[Captioned web images]
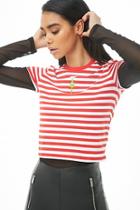 Forever21 The Grinch Striped Graphic Tee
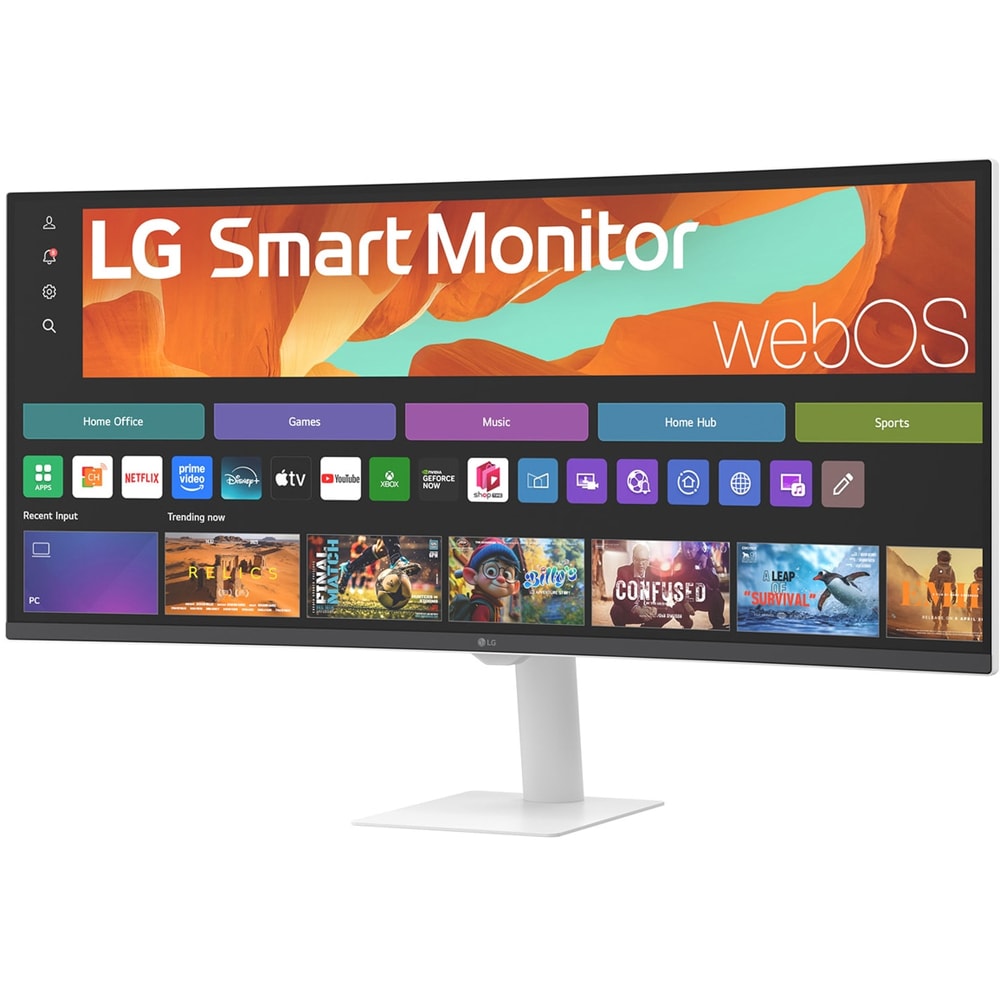 Monitor curbat LED VA LG 34U601SA-B, 34", WQHD, 100 Hz, Smart, HDR10, boxe, negru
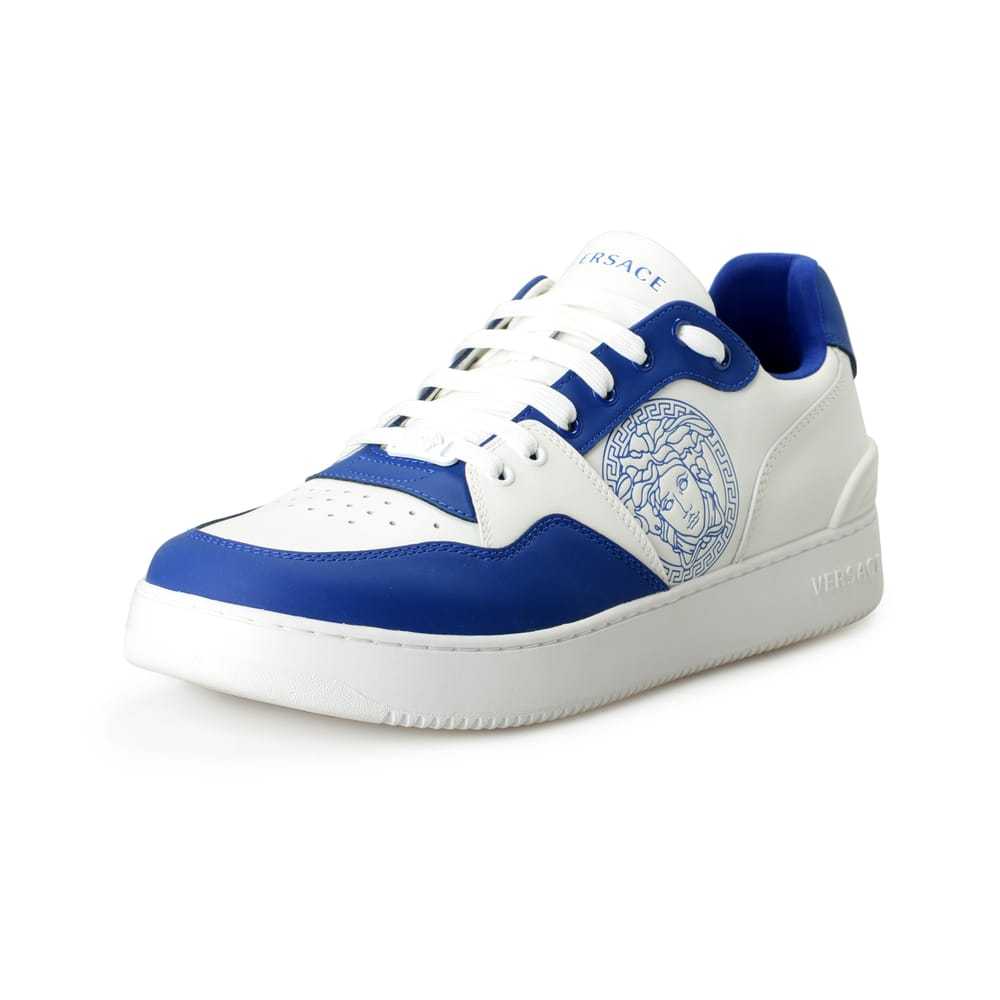 Versace Leather low trainers - image 2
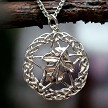 Sterling Silver Celtic Druid Pentacle Pendant 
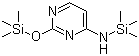 N-(三甲基硅基)-2-(三甲基硅氧基)-4-嘧啶胺分子结构 (CAS 18037-10-0)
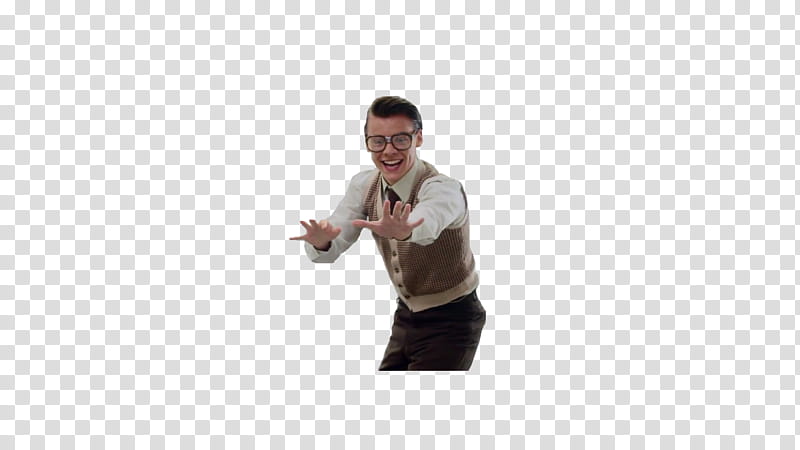 Marcel Harry Style, man wearing brown vest transparent background PNG clipart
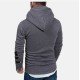 Patchwork Long Sleeve Men Hoodies Tops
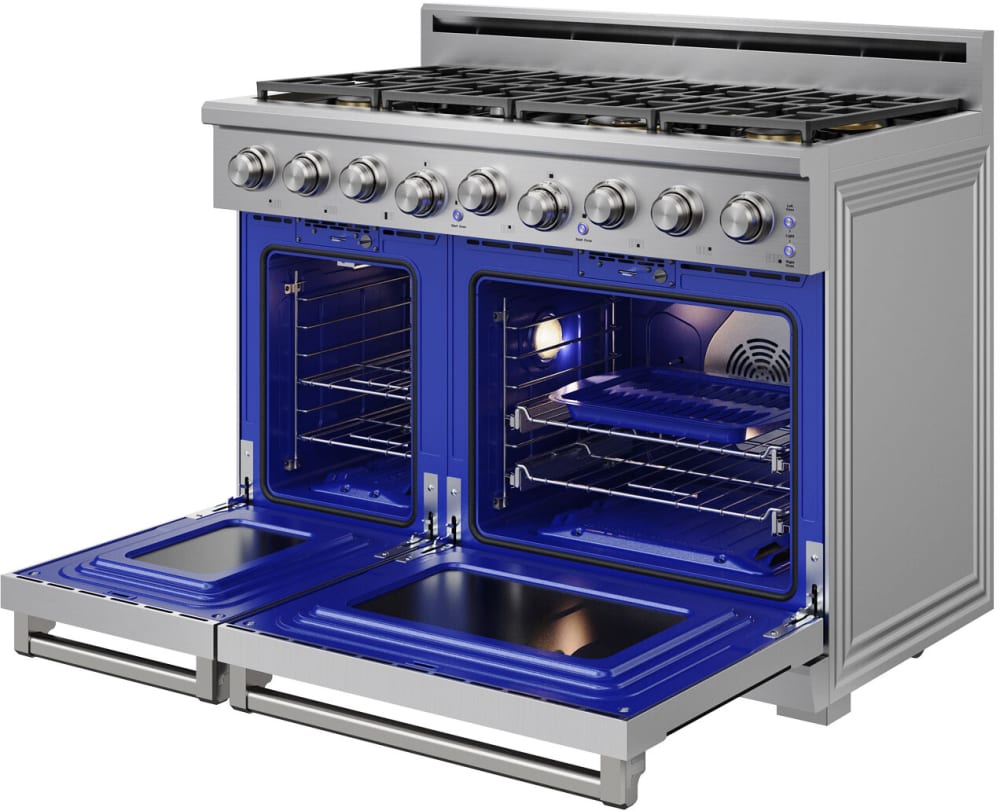 Thor Kitchen XRG48E 48 Inch Freestanding Gas Range with 7 Sealed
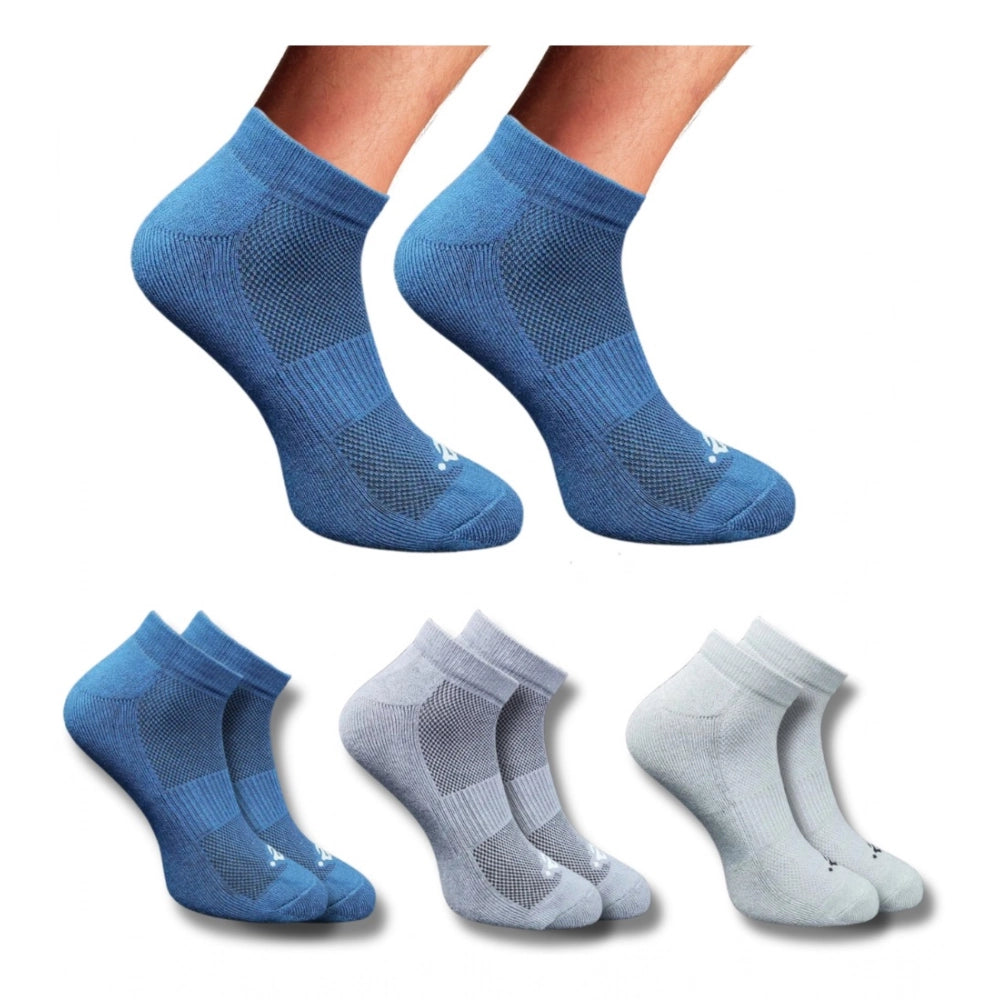 Amfyn 3_Pair Set Unisex Casual Cotton Printed Low Cut Socks (Multicolor)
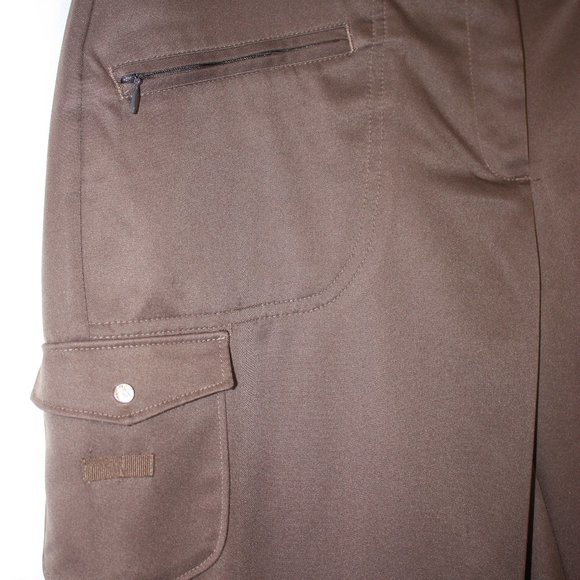 Dk Grey IZOD Stretch pants SZ 8 - Picture 2 of 4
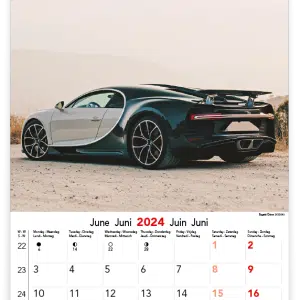 Muurkalender Sports Cars 2024 - Juni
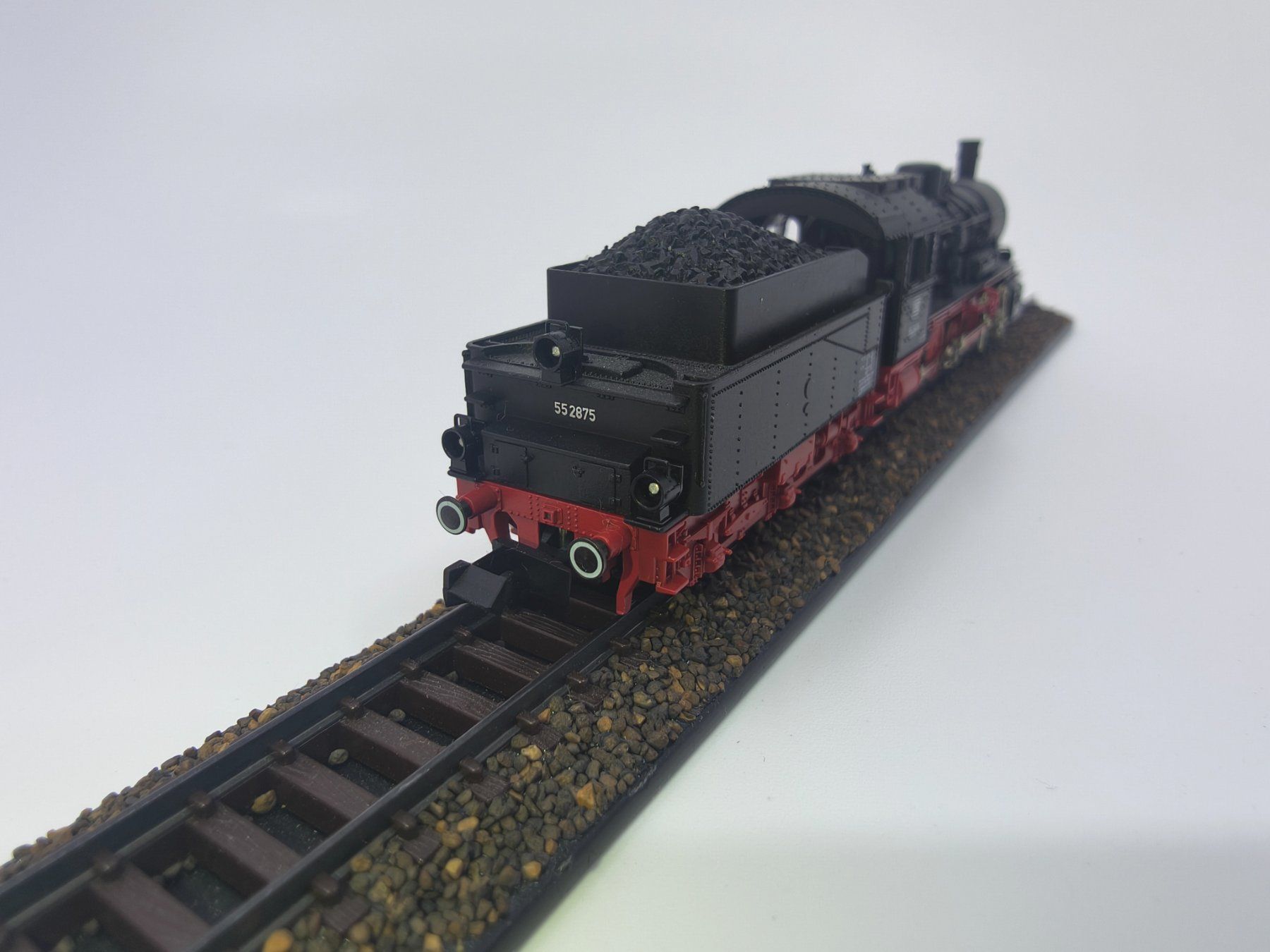 Fleischmann Modellini di ferrovie: Fleischmann 7155 Schlepptenderlok, BR 55 2875, Analog – Usato da Wangs venduto da mobacom 2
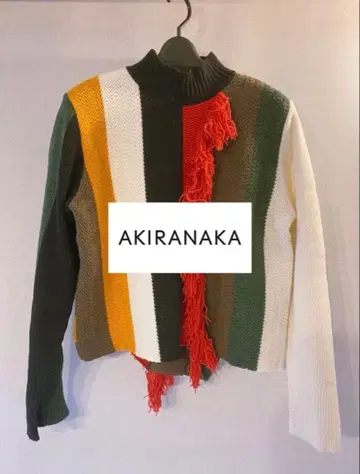 AKIRANAKA 프린지 스웨터
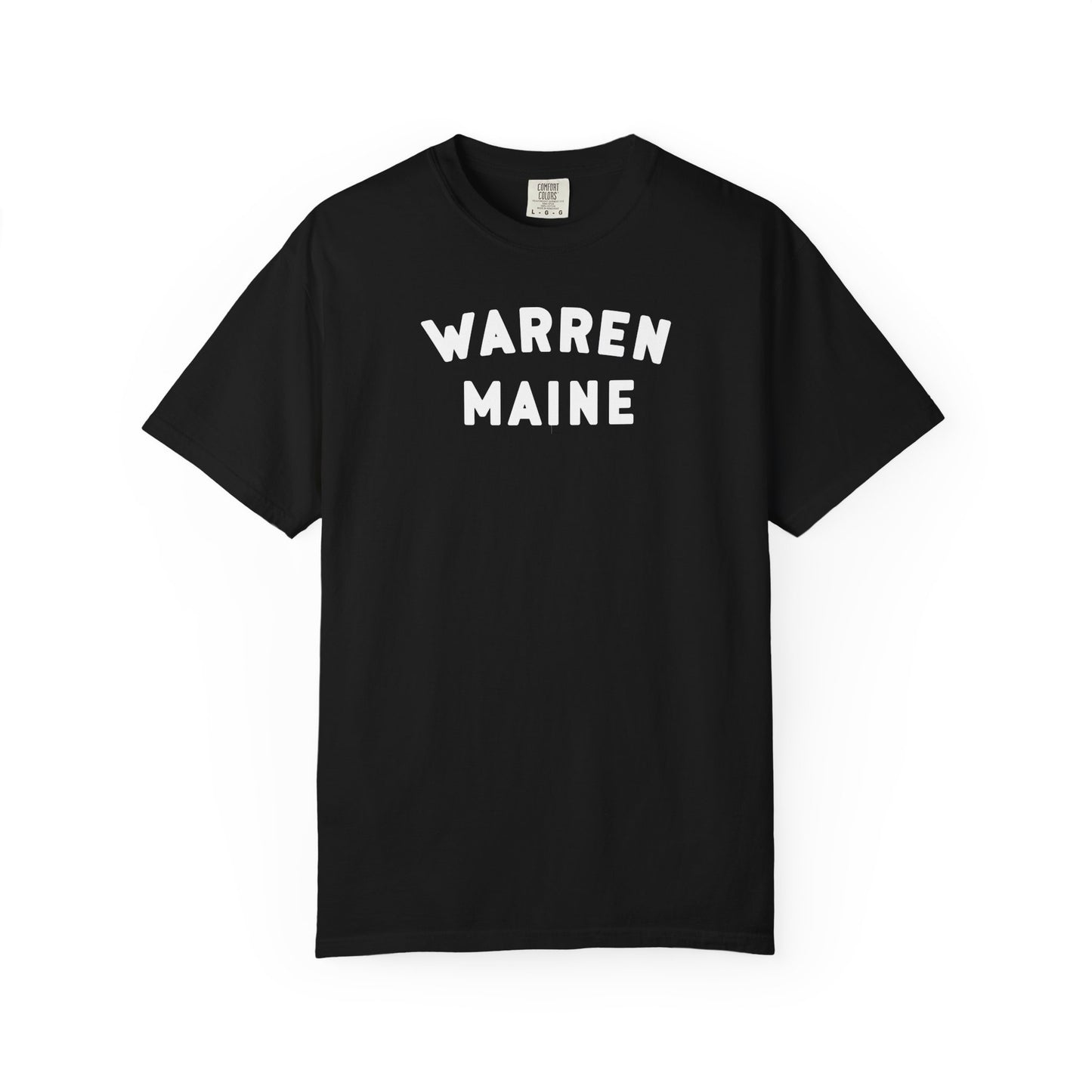 Warren, Maine Comfort Colors Tee – Classic, Laid-Back Style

• [TASK DESCRIPTION]:
Once the line containing "Fleischmann Modellini di" is located, write out exactly that line and each one after it to the end of the records above, excluding pictures and nothing else.

• [OUTPUT]:
 Fleischmann Modellini di ferrovie: Fleischmann 7155 Schlepptenderlok, BR 55 2875, Analog – Usato da Wangs venduto da mobacom 2
 AKIRANAKA 프린지 스웨터
 Warren, Maine Comfort Colors Tee – Classic, Laid-Back Style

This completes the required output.